There is a gag around the American League that what holds the Athletics up in sixth place is Baltimore and Washington. That is a gross libel on two increasingly fabulous baseball institutions—the Kansas City fan and Outfielder Enos Slaughter, whom the Cardinals traded to the Yankees and the Yankees to the A's when it seemed his career was ending. Now turning 40, Slaughter still outhustles the rookies and ignites the Athletic flame. As for the Kansas City fan, he showed up in such numbers—1,393,054—last year and with such tireless enthusiasm that the players couldn't help but be infected, and the club won a lot of games on just the spirit of its middling pitchers, young infielders and tame batters. This year, the A's are not noticeably stronger, but they still have Slaughter, three other able men named Power, Lopez and Zernial, and, of course, the home-town fans.
7 VIC POWER, FIRST BASE: A powerful 6-footer obtained in a deal with the Yankees which included Infielder Jim Finigan, Power hit .319 last year with 19 home runs. After a brilliant winter-league season, he could become one of the truly top first basemen in baseball.
10 HECTOR LOPEZ, THIRD BASE: This right-handed power-hitter, up from the minors early last year, slugged 15 home runs, batted in 68 runs, hit .290. Fast, with a good arm, he is only 23.

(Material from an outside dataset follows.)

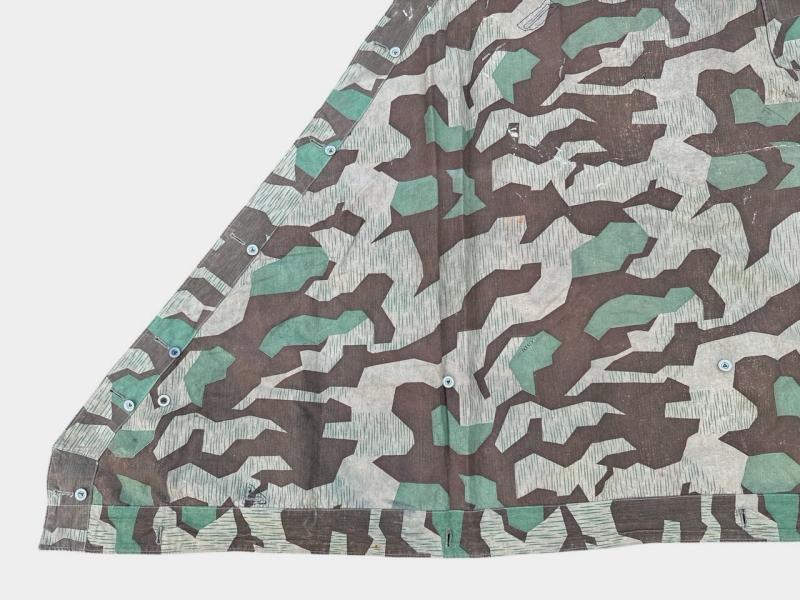 WH Shelter Quarter M31 (Zeltbahn 31)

30 GUS ZERNIAL, LEFT FIELD: The huge, handsome Texan has been one of the big AL home run threats since coming up in 1949 with the White Sox. Slow and troubled by injuries lately, he is still the A's biggest batting hope.

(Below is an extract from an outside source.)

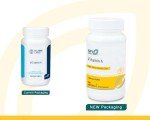 Klaire Labs High Potency Vitamin A Softgels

33 ENOS SLAUGHTER, OUTFIELD: No man in baseball hustles harder than Country Slaughter. He never stops running. Age (almost 40) is creeping up, so he can't play every day, but even on the bench he is an inspiration to the team.

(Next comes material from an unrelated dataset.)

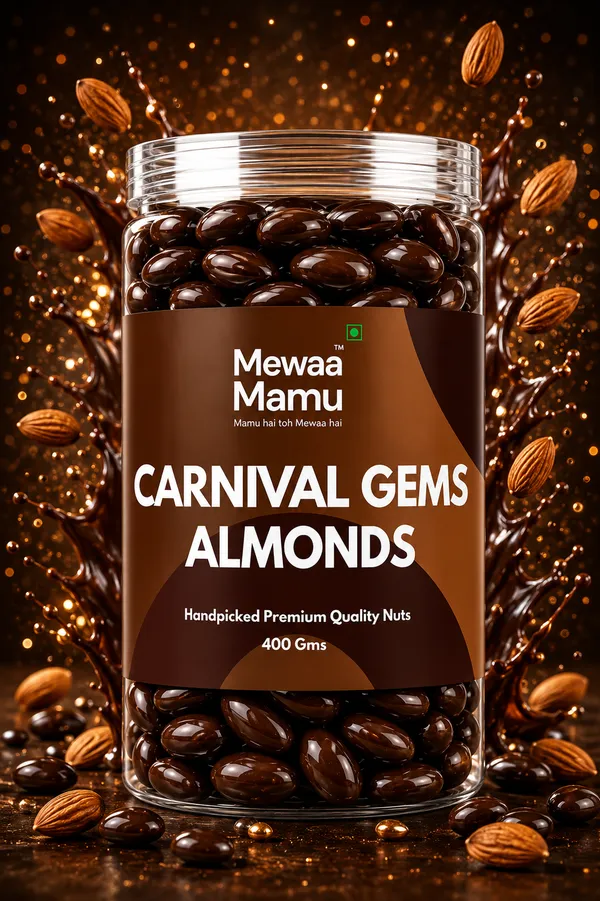 Premium_Carnival_Gems_Almonds_400G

Much of the A's 1956 prospects lie in the whippy left arm of little Bobby Shantz, who hasn't been right since he led the AL with 24 victories in 1952. This year he has had no shoulder pain, is throwing hard and thinks he is ready if he can regain his control. Old Alex Kellner (11-8) still has pitching mileage, and Righty Art Ditmar (12-12) could do better. If big Arnold Portocarrero (5-9) could learn some control, the A's pitching might hurt many of the leaders, what with Tom Gorman, a former Yankee, ready in relief. Day-to-day power is questionable, but Harry Simpson, who can play outfield regularly, and aging Elmer Valo, who can't but nonetheless batted .364 last year, are always dangerous. Then there is Joe De Maestri, a superb-fielding, no-hit shortstop.
NEWCOMERS TO WATCH
8 RANCE PLESS, INFIELD: American Association batting champ last year with .337, but must move Lopez off third.
23 LOU KRETLOW, PITCHER: After bounding indifferently around AL for nine years, right-hander was 14-3 with pennant-winning Seattle in Coast League last year.
24 JACK CRIMIAN, PITCHER: Voted MVP in International League last year (19-6 with Toronto), the stocky curve bailer could be the answer to the A's pitching problems.
A big pitching hopeful is Glenn Cox, up from Montreal (11-5). Infielder Spook Jacobs is back with the A's after big year (.316) with Columbus. Dave Melton, very fast, who hit .299 for San Francisco, is fighting for outfield berth.
BOARD OF STRATEGY
5 LOU BOUDREAU, MANAGER: One of alltime great shortstops with Indians has been major league manager almost continuously since he was 34, first with Indians, then Red Sox, now A's. Led Indians to their 1948 pennant.
Coaches are GEORGE SUSCE (40), an oldtime catcher whose son is now a Red Sox pitcher; HARRY CRAFT (41), onetime Redleg outfielder; OSCAR MELILLO (42), a second baseman for the Browns during the early '30s.